Oh yeah, Skin Chamber to me is at least as dominant, maybe more so in the major market. I think Skin Chamber is something that’s new, it has no history behind it, there’s no big catalogue of obscure releases. And so it’s kind of in a way a fresh start in a whole new orientation for us. Because none of us are tech-heads, and we don’t really like computer music that much in terms of creating it, and so Skin Chamber is the way we like to work in an organic manner. I don’t know if we’ll be working with Roadrunner anymore, but we’ll certainly pursue the group.
Why don’t you think you’ll be working with Roadrunner anymore?
They dismantled a lot of the Third Mind label so Controlled Bleeding at this point will probably be label shopping, even though the last record did so well for us. They’ve just got big problems there, and I don’t think they’re going to support Skin Chamber either because they don’t really understand the music. Their main interest is metal and even though they experiment with genres outside of metal, they don’t handle them particularly well.
How would you describe the new Skin Chamber LP?
It just kind of continues where Wound left off. It’s a lot more focused than Wound. There’s not nearly the variation on the record. But I think the songs are straighter in certain ways but sonically a lot better. I think the production is a lot more interesting, and within it are certain structured frameworks; there’s a lot of experimentation going on. I’d say there’s much more experimentation than on Wound. The textural aspects of the record are much more interesting.
Do you keep the different projects completely separate or do you tend to come up with ideas and then decide which project to develop them for?
Oh, never. Controlled Bleeding can go a number of ways, it’s like Controlled Bleeding is almost three combinations. Joe and I work on semi-choral, progressive music, the Controlled Bleeding music I work on myself is generally very noisy, very experimental, and the stuff Chris and I do under Controlled Bleeding tends to be more ryhthmic-yet-melodic, like what’s on Penetration. Skin Chamber is a completely different entity; it’s a completely different creative process.
Do you see the two groups aimed at the same audience?

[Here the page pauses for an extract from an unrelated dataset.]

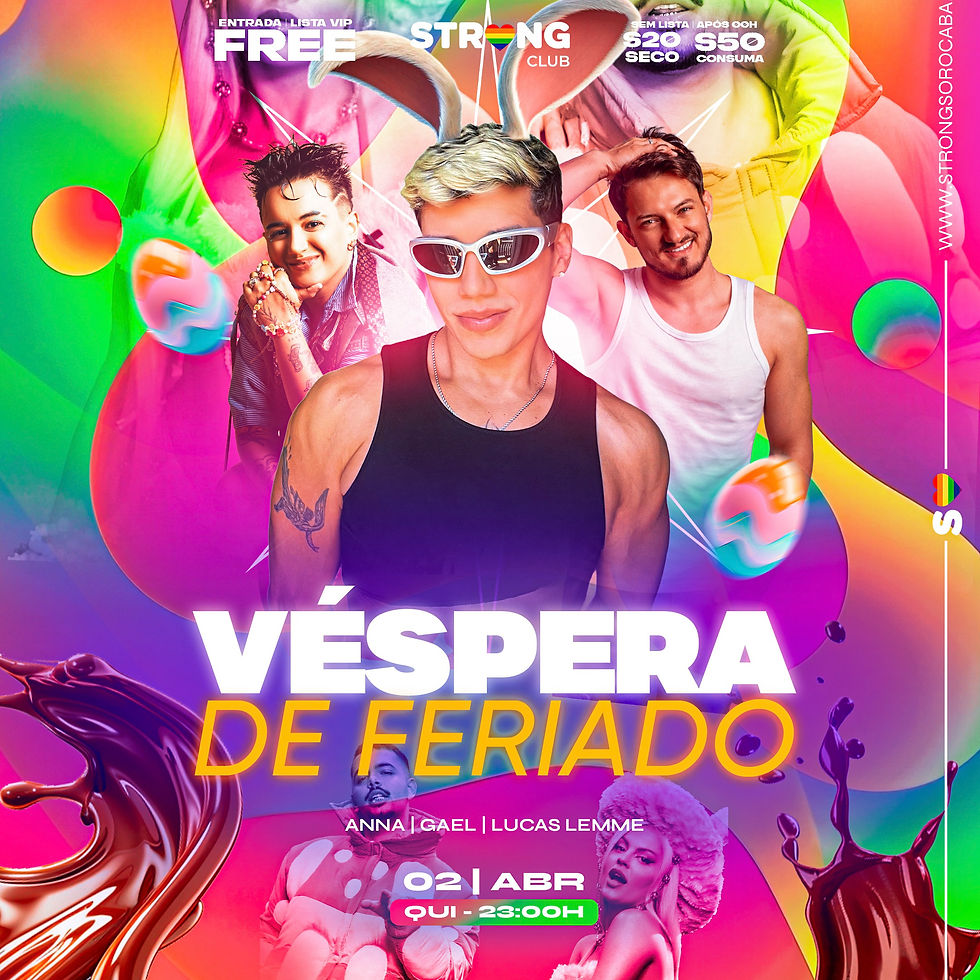 VÉSPERA DE FERIADO | Strong Club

Well, I suppose. I don’t really think about audience very much when I do any kind of music. I mean Roadrunner being a metal label, even though Trial is not a fucking metal record, they’re going to market it to a metal audience. That’s the audience that they know, that’s their tried and true audience. I would say that people that are interested in any kind of noisy guitar-driven music would find Trial interesting, but I don’t know it those same people would find Controlled Bleeding interesting. I tend to think that the Controlled Bleeding audience has found Skin Chamber maybe a little difficult to deal with.

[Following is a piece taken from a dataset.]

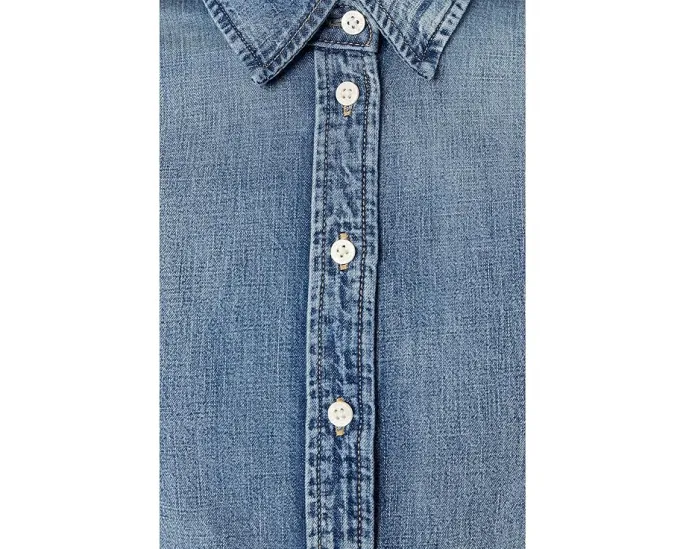 Джинсовая рубашка Lauren Ralph Lauren Classic Fit с вышитым логотипом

Will you be doing any live dates as Skin Chamber?
We want to, it’s just hard going from two people to the necessary six or seven people. It’s real hard to find a band for the live setting that can commit to going a month or two on the road. So it hasn’t been easy getting the thing off the ground. We did one show, and we really want to go on tour this summer. We might go out as Controlled Bleeding/Skin Chamber doing music from both, but it’s been hard getting the number of people involved that we need for a long term tour.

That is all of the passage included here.